Länge Unterhaltung Spannung Action Musik Erotik Anspruch Eindruck Gesamt
**** *** ** **** *** ** ** *** 67%
 

 
Die Titelhelden Humphrey und Kate sind zwei junge Wölfe auf dem Weg nach Hause. Hilfe bekommen sie von einer gelben Ente und einer golfbesessenen Gans, die ihnen mit Leichtigkeit die Schau stehlen.

Alpha und Omega


Humphrey ist bestürzt, dass seine Freundin Kate den ganzen Winter auf die Alpha-Schule muss. Er selbst ist Omega-Wolf und damit ist für ihn und Kate keine gemeinsame Zukunft möglich. Vielmehr soll Kate den Alphawolf und Sohn des Nordrudelführers Garth heiraten, um einen Kampf zwischen den Wolfsrudeln abzuwenden. Doch angesichts von Garths schrecklicher Heultechnik flüchtet Kate beim traditionellen Mondanheulen lieber in den Wald, wo sie auf Humphrey trifft – und leider auch auf Jäger, die die beiden kurzerhand in einen anderen Nationalpark entführen.

Alpha und Omega
Die Wölfe sind vom Hunger gezeichnet.

Dort müssen Humphrey und Kate feststellen, dass sie zusammenarbeiten müssen, wenn sie je wieder nach Hause gelangen wollen. Dass das überhaupt möglich ist, haben sie den Golfern Paddy und Marcel zu verdanken, die als Vogelduo schon ganz schön herumgekommen sind und ihnen die eine oder andere Mitfahrgelegenheit verschaffen können. Doch unterdessen spitzt sich in der Heimat die Lage zu, weil Kates Vater Winston Garth Vater Tony nicht erklären kann, wieso Kate nicht zur Heirat erscheint…

Alpha und Omega
Humphrey und Kate treffen sich im Flug...
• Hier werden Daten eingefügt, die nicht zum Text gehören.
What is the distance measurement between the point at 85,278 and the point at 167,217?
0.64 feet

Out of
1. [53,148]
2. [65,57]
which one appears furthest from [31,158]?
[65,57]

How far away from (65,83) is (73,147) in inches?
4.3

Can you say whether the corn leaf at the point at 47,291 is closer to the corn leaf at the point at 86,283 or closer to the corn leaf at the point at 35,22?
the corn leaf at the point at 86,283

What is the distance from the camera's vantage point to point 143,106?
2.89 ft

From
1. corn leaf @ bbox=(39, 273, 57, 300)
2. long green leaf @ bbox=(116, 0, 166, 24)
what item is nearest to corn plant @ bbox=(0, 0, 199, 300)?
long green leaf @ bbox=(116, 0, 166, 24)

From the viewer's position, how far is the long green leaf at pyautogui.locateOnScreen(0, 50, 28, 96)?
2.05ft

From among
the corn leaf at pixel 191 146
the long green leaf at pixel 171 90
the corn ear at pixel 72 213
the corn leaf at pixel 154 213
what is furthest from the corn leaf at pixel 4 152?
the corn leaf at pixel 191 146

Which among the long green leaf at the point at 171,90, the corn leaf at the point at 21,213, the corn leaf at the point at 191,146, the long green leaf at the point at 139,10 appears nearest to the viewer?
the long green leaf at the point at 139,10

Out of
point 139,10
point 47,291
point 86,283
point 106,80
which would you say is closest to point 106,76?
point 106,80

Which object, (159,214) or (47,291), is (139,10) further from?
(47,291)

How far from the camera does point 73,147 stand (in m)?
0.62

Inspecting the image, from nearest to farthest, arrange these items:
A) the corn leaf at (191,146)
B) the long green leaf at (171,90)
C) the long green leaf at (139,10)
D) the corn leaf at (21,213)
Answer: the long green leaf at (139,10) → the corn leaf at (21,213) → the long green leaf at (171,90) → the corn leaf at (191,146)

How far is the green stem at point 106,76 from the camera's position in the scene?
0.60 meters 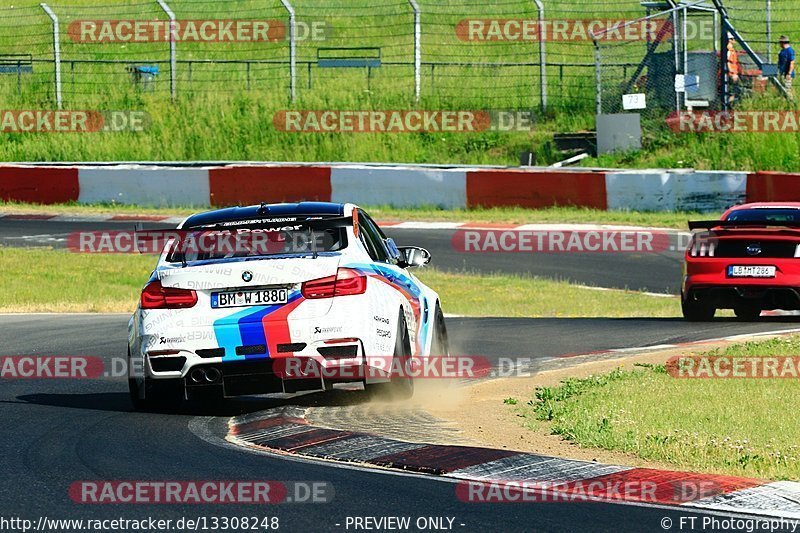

Am Anfang ist nicht ganz klar, worauf „Alpha und Omega“ hinaus will. Der Film wirkt zu albern für die Erwachsenen, zu schnell geschnitten für die ganz Kleinen. Die Bobfahrt im hohlen Baumstamm von Humphrey und seiner Omega-Wolf-Gang erscheint eher unwirklich. Humphreys erste Begegnung mit Kate erinnert an Ice Age und ist an Kitsch nicht mehr zu übertreffen. Nur langsam wird der Zuschauer warm mit den Charakteren des Wolfsrudels. Als sie sich schließlich zum nächtlichen Mondanheulen aufmachen, rechnet man schon mit einer Gesangseinlage und bekommt die erste positive Überraschung des Films: Das Heulen bekommt keine Texte verpasst und präsentiert sich in stimmungsvollen Bilderarrangements aus Wölfen, Felsen und Nachthimmel.

Mit der Entführung von Humphrey und Kate können dann auch endlich die Autoren Ben Gluck (Ein Königreich für ein Lama) und Steve Moore (Jagdfieber) punkten, in dem sie ihre Hauptfiguren weiterentwickeln. Dadurch kommt die Geschichte in Fahrt und eine gewisse Spannung kann sich entwickeln.

Alpha und Omega

Ein wahrer Lichtblick ist dann der Auftritt von Marcel und Paddy, dem golfenden Vogelduo. Auch wenn die erste Szene genauso gut in jedem x-beliebigen Tom-und-Jerry-Cartoon hätte vorkommen können, sind es die beiden, die fortan den Zuschauer durch den Film tragen und die Geschichte mit Wortwitz und der ein oder anderen Slapstickeinlage aufpäppeln. Sogar über das vorhersehbare Ende mag man da gerne hinwegsehen.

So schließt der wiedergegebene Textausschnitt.